The records that follow are to be repeated without alteration.

****************************************

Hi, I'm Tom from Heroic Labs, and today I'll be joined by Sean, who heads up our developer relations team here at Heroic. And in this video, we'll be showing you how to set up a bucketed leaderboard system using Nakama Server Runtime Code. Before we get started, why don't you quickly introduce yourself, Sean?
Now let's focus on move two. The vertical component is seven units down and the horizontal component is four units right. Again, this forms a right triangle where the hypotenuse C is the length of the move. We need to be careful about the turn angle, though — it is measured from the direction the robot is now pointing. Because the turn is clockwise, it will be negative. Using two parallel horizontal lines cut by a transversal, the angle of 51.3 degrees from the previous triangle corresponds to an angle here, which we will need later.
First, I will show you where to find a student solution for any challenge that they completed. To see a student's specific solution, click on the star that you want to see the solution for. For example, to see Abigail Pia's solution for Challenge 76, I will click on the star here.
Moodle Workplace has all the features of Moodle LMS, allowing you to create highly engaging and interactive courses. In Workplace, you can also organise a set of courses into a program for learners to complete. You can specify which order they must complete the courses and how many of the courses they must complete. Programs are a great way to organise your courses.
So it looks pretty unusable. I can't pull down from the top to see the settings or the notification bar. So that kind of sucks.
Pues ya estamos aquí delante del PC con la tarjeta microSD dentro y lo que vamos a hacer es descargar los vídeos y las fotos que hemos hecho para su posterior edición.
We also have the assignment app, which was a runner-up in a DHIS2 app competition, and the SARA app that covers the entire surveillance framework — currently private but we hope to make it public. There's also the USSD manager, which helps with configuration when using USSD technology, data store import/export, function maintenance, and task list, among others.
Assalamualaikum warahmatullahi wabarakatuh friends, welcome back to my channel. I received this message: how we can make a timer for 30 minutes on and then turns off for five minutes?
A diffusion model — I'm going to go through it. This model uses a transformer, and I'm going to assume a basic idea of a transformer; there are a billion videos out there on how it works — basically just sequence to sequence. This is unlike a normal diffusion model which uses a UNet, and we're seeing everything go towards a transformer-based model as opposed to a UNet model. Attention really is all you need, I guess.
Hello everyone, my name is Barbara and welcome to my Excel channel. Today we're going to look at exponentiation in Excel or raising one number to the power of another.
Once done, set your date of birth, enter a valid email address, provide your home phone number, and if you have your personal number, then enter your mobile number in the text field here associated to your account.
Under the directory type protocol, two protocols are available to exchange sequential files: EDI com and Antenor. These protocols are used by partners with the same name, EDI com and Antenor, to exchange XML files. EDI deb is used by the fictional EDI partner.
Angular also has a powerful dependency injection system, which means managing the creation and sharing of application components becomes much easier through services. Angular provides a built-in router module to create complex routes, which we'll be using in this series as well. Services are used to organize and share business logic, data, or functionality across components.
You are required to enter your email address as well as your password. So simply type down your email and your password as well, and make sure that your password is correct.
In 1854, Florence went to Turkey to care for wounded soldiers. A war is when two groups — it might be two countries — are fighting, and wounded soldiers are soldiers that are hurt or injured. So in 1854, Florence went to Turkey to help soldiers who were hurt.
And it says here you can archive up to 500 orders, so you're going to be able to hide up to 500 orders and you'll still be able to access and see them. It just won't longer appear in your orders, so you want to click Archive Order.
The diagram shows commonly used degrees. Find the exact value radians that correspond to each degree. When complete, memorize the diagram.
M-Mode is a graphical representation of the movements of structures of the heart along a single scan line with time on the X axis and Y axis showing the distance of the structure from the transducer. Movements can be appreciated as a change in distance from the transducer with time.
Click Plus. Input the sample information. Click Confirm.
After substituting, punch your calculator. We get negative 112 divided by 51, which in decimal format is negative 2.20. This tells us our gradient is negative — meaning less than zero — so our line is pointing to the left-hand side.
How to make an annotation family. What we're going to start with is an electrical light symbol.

****************************************

_SOLUTION BELOW_.
Hi, I'm Tom from Heroic Labs, and today I'll be joined by Sean, who heads up our developer relations team here at Heroic. And in this video, we'll be showing you how to set up a bucketed leaderboard system using Nakama Server Runtime Code. Before we get started, why don't you quickly introduce yourself, Sean?
Now let's focus on move two. The vertical component is seven units down and the horizontal component is four units right. Again, this forms a right triangle where the hypotenuse C is the length of the move. We need to be careful about the turn angle, though — it is measured from the direction the robot is now pointing. Because the turn is clockwise, it will be negative. Using two parallel horizontal lines cut by a transversal, the angle of 51.3 degrees from the previous triangle corresponds to an angle here, which we will need later.
First, I will show you where to find a student solution for any challenge that they completed. To see a student's specific solution, click on the star that you want to see the solution for. For example, to see Abigail Pia's solution for Challenge 76, I will click on the star here.
Moodle Workplace has all the features of Moodle LMS, allowing you to create highly engaging and interactive courses. In Workplace, you can also organise a set of courses into a program for learners to complete. You can specify which order they must complete the courses and how many of the courses they must complete. Programs are a great way to organise your courses.
So it looks pretty unusable. I can't pull down from the top to see the settings or the notification bar. So that kind of sucks.
Pues ya estamos aquí delante del PC con la tarjeta microSD dentro y lo que vamos a hacer es descargar los vídeos y las fotos que hemos hecho para su posterior edición.
We also have the assignment app, which was a runner-up in a DHIS2 app competition, and the SARA app that covers the entire surveillance framework — currently private but we hope to make it public. There's also the USSD manager, which helps with configuration when using USSD technology, data store import/export, function maintenance, and task list, among others.
Assalamualaikum warahmatullahi wabarakatuh friends, welcome back to my channel. I received this message: how we can make a timer for 30 minutes on and then turns off for five minutes?
A diffusion model — I'm going to go through it. This model uses a transformer, and I'm going to assume a basic idea of a transformer; there are a billion videos out there on how it works — basically just sequence to sequence. This is unlike a normal diffusion model which uses a UNet, and we're seeing everything go towards a transformer-based model as opposed to a UNet model. Attention really is all you need, I guess.
Hello everyone, my name is Barbara and welcome to my Excel channel. Today we're going to look at exponentiation in Excel or raising one number to the power of another.
Once done, set your date of birth, enter a valid email address, provide your home phone number, and if you have your personal number, then enter your mobile number in the text field here associated to your account.
Under the directory type protocol, two protocols are available to exchange sequential files: EDI com and Antenor. These protocols are used by partners with the same name, EDI com and Antenor, to exchange XML files. EDI deb is used by the fictional EDI partner.
Angular also has a powerful dependency injection system, which means managing the creation and sharing of application components becomes much easier through services. Angular provides a built-in router module to create complex routes, which we'll be using in this series as well. Services are used to organize and share business logic, data, or functionality across components.
You are required to enter your email address as well as your password. So simply type down your email and your password as well, and make sure that your password is correct.
In 1854, Florence went to Turkey to care for wounded soldiers. A war is when two groups — it might be two countries — are fighting, and wounded soldiers are soldiers that are hurt or injured. So in 1854, Florence went to Turkey to help soldiers who were hurt.
And it says here you can archive up to 500 orders, so you're going to be able to hide up to 500 orders and you'll still be able to access and see them. It just won't longer appear in your orders, so you want to click Archive Order.
The diagram shows commonly used degrees. Find the exact value radians that correspond to each degree. When complete, memorize the diagram.
M-Mode is a graphical representation of the movements of structures of the heart along a single scan line with time on the X axis and Y axis showing the distance of the structure from the transducer. Movements can be appreciated as a change in distance from the transducer with time.
Click Plus. Input the sample information. Click Confirm.
After substituting, punch your calculator. We get negative 112 divided by 51, which in decimal format is negative 2.20. This tells us our gradient is negative — meaning less than zero — so our line is pointing to the left-hand side.
How to make an annotation family. What we're going to start with is an electrical light symbol.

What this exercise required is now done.